When it comes to weighted backpacks, be careful. They’re easy to use the wrong way. Using a backpack (especially with extra weight) with poor form can put pressure on your back and spine, which can lead to injury.
Here are a few things to keep in mind if you’re ready to hit the road (or the track, or the gym).
Lighter is better
How much weight you carry is critical when walking with weights. The American Council on Exercise (ACE) recommends using hand weights or ankle weights between 1 and 3 pounds. If you’re a weighted walking newbie, start with 1 pound. If you’ve got a bit more experience, feel free to try 2 or 3 pounds.
The same rules apply if a weighted vest is more your thing: Start light. An older study suggests starting with a vest that weighs no more than 5 percent of your body mass. More experienced athletes can opt for higher poundage.
FYI: Always check with your doctor before kicking off a new exercise routine to avoid injury.
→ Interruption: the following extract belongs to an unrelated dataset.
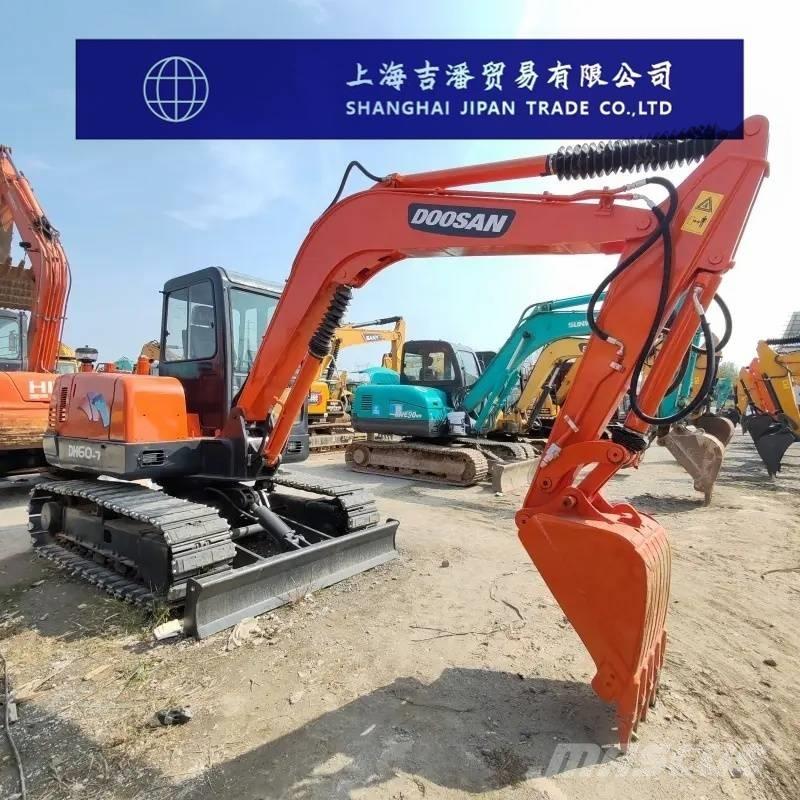 Doosan DH 60-7 Minikoparki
Weights aren’t for every walk
Weights shouldn’t accompany you on every walk. Try to opt for using weights only 2 to 3 times each week. While that might not seem like much, remember: while weights boost resistance and intensity, they also add strain to your muscles and joints. Using them too frequently increases your risk of injury.
Keep it short
Even seasoned pros should start small when adding weights to their walking routine. About 10 to 15 minutes is the sweet spot when you’re just starting out. You can gradually increase the length of your walk as your bod gets used to the additional weight.
Brisk walker? Not so *fast*, pal. Walking too fast with weights can wreak havoc on your joints. That’s why it’s so important to keep a steady pace. As you adapt to your new weighted circumstances, you can opt to increase your speed slowly over time.
Watch your form
One way to lower your risk of injury when walking with weights is to make sure you’re maintaining proper form when walking. Good posture is always important, but it’s key when using weights to help ease the stress and strain they put on your joints.
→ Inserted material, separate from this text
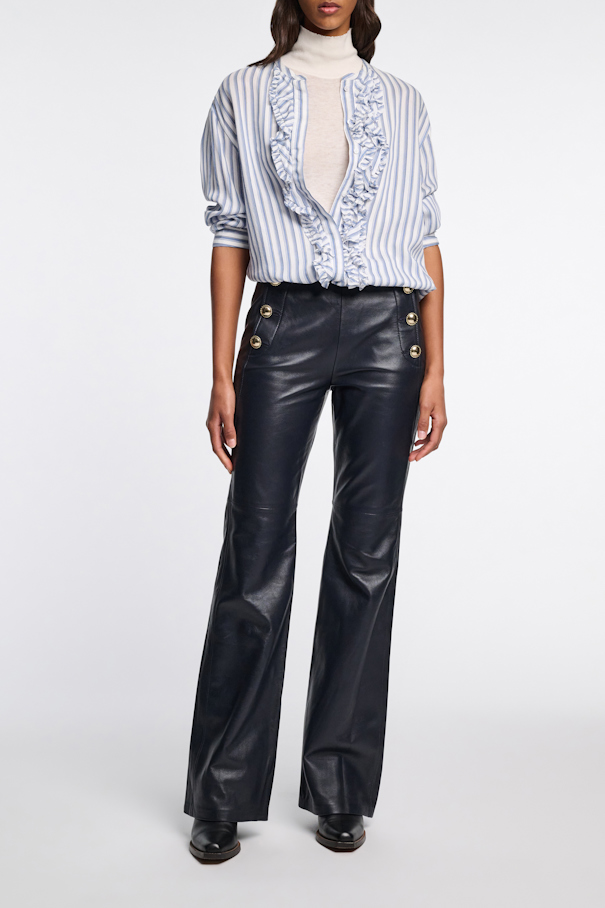 COOL STRIPE blouse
Stand straight, relax your shoulders, and keep your footing light to keep your form from going down a slouched path.
New to walking with weights or looking to spice up your tired old routine? We’ve got you covered.
Ready to give it a try? When you’re new to this type of exercise, use lighter weights and keep your weighted walk relatively short. Here’s a walking workout to get you started.
- Choose a relatively light weight. 1 to 2 pounds is a great start.
- Warm up. Start by taking an easy, slow 5-minute walk.
- Pick up the pace. Shoot for about 15 to 20 minutes, but don’t overdo it.
- Cool down. Slow it down and walk for another 5 minutes.
- Stretch. Lose the weights and settle into some solid stretches.
Make it harder
Try these tips to up the intensity of your walking workout:
- Add an incline. Whether it’s at home on the treadmill (or up and down the stairs!) or on an uphill walk, walking on an incline boosts the intensity of your workout, making your body work harder — especially where you’re wearing weights.
- Feel the need for speed. Running or jogging with weights may not be the best idea, but taking your walk from a stroll to a brisk pace can help you get more out of your workout. (Just make sure you work your way up to this speed so you don’t get hurt.)
- Clock more time. Once you’ve gotten used to shorter weighted walks, you can start working your way up to longer walks.
Walking in itself is a great form of exercise. Adding wearable weights (like ankle weights, hand weights, and weighted vests) can increase the intensity of your walks.
If you choose to use weights during your walks, keep a few things in mind:
- Don’t carry too much weight.
- Avoid walking long distances without experience.
- Stick to a manageable pace.
Talk with your doctor before adding weights to your routine. If it’s not right for you, they can make recommendations for some alternatives to amp up your walks.